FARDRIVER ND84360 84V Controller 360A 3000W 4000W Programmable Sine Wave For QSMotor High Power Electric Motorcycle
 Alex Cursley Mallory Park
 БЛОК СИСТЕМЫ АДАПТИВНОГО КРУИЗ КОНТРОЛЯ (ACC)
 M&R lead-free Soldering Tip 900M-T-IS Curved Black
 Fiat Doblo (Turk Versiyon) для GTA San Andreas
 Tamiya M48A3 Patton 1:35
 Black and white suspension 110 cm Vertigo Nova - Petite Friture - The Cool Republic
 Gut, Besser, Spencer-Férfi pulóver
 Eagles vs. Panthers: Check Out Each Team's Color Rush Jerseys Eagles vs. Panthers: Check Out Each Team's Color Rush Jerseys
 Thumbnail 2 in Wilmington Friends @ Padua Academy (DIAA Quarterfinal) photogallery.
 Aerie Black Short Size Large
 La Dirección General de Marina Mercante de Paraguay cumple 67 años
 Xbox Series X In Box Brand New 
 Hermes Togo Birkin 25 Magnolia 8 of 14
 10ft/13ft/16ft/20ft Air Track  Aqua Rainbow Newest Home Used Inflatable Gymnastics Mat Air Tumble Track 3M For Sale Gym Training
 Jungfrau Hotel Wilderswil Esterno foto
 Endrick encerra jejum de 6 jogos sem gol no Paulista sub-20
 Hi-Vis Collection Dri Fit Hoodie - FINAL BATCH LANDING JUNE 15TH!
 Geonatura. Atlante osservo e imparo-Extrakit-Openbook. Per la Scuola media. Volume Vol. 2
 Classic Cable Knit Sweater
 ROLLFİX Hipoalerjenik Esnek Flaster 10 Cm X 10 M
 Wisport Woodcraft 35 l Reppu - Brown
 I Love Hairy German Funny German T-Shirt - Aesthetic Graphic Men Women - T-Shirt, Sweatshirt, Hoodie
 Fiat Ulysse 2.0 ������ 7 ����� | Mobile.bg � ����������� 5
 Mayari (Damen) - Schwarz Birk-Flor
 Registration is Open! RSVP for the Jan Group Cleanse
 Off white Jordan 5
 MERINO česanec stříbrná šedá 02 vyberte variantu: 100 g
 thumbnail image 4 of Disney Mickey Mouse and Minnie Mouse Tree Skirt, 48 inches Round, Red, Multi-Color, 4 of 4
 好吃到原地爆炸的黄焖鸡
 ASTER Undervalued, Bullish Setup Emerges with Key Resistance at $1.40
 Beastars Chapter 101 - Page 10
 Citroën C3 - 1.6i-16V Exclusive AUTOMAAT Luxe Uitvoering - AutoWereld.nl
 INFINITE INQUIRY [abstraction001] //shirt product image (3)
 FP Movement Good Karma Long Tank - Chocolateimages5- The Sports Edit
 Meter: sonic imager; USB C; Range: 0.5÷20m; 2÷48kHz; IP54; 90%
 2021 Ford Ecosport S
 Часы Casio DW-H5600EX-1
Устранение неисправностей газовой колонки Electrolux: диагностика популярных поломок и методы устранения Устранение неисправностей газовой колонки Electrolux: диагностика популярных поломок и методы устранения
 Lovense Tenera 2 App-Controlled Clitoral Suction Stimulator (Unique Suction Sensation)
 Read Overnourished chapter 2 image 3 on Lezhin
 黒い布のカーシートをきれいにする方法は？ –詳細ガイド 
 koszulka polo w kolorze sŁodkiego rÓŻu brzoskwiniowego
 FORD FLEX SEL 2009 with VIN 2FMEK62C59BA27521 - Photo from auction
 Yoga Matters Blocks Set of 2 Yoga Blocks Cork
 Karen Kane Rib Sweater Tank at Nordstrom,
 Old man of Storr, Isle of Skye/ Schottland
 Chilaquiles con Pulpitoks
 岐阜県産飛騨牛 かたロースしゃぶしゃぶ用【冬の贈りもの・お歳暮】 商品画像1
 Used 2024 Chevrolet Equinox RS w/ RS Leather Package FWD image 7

- - - - -

Each line of the material should be repeated exactly as it reads.

■ **Reply**:
FARDRIVER ND84360 84V Controller 360A 3000W 4000W Programmable Sine Wave For QSMotor High Power Electric Motorcycle
 Alex Cursley Mallory Park
 БЛОК СИСТЕМЫ АДАПТИВНОГО КРУИЗ КОНТРОЛЯ (ACC)
 M&R lead-free Soldering Tip 900M-T-IS Curved Black
 Fiat Doblo (Turk Versiyon) для GTA San Andreas
 Tamiya M48A3 Patton 1:35
 Black and white suspension 110 cm Vertigo Nova - Petite Friture - The Cool Republic
 Gut, Besser, Spencer-Férfi pulóver
 Eagles vs. Panthers: Check Out Each Team's Color Rush Jerseys Eagles vs. Panthers: Check Out Each Team's Color Rush Jerseys
 Thumbnail 2 in Wilmington Friends @ Padua Academy (DIAA Quarterfinal) photogallery.
 Aerie Black Short Size Large
 La Dirección General de Marina Mercante de Paraguay cumple 67 años
 Xbox Series X In Box Brand New 
 Hermes Togo Birkin 25 Magnolia 8 of 14
 10ft/13ft/16ft/20ft Air Track  Aqua Rainbow Newest Home Used Inflatable Gymnastics Mat Air Tumble Track 3M For Sale Gym Training
 Jungfrau Hotel Wilderswil Esterno foto
 Endrick encerra jejum de 6 jogos sem gol no Paulista sub-20
 Hi-Vis Collection Dri Fit Hoodie - FINAL BATCH LANDING JUNE 15TH!
 Geonatura. Atlante osservo e imparo-Extrakit-Openbook. Per la Scuola media. Volume Vol. 2
 Classic Cable Knit Sweater
 ROLLFİX Hipoalerjenik Esnek Flaster 10 Cm X 10 M
 Wisport Woodcraft 35 l Reppu - Brown
 I Love Hairy German Funny German T-Shirt - Aesthetic Graphic Men Women - T-Shirt, Sweatshirt, Hoodie
 Fiat Ulysse 2.0 ������ 7 ����� | Mobile.bg � ����������� 5
 Mayari (Damen) - Schwarz Birk-Flor
 Registration is Open! RSVP for the Jan Group Cleanse
 Off white Jordan 5
 MERINO česanec stříbrná šedá 02 vyberte variantu: 100 g
 thumbnail image 4 of Disney Mickey Mouse and Minnie Mouse Tree Skirt, 48 inches Round, Red, Multi-Color, 4 of 4
 好吃到原地爆炸的黄焖鸡
 ASTER Undervalued, Bullish Setup Emerges with Key Resistance at $1.40
 Beastars Chapter 101 - Page 10
 Citroën C3 - 1.6i-16V Exclusive AUTOMAAT Luxe Uitvoering - AutoWereld.nl
 INFINITE INQUIRY [abstraction001] //shirt product image (3)
 FP Movement Good Karma Long Tank - Chocolateimages5- The Sports Edit
 Meter: sonic imager; USB C; Range: 0.5÷20m; 2÷48kHz; IP54; 90%
 2021 Ford Ecosport S
 Часы Casio DW-H5600EX-1
Устранение неисправностей газовой колонки Electrolux: диагностика популярных поломок и методы устранения Устранение неисправностей газовой колонки Electrolux: диагностика популярных поломок и методы устранения
 Lovense Tenera 2 App-Controlled Clitoral Suction Stimulator (Unique Suction Sensation)
 Read Overnourished chapter 2 image 3 on Lezhin
 黒い布のカーシートをきれいにする方法は？ –詳細ガイド 
 koszulka polo w kolorze sŁodkiego rÓŻu brzoskwiniowego
 FORD FLEX SEL 2009 with VIN 2FMEK62C59BA27521 - Photo from auction
 Yoga Matters Blocks Set of 2 Yoga Blocks Cork
 Karen Kane Rib Sweater Tank at Nordstrom,
 Old man of Storr, Isle of Skye/ Schottland
 Chilaquiles con Pulpitoks
 岐阜県産飛騨牛 かたロースしゃぶしゃぶ用【冬の贈りもの・お歳暮】 商品画像1
 Used 2024 Chevrolet Equinox RS w/ RS Leather Package FWD image 7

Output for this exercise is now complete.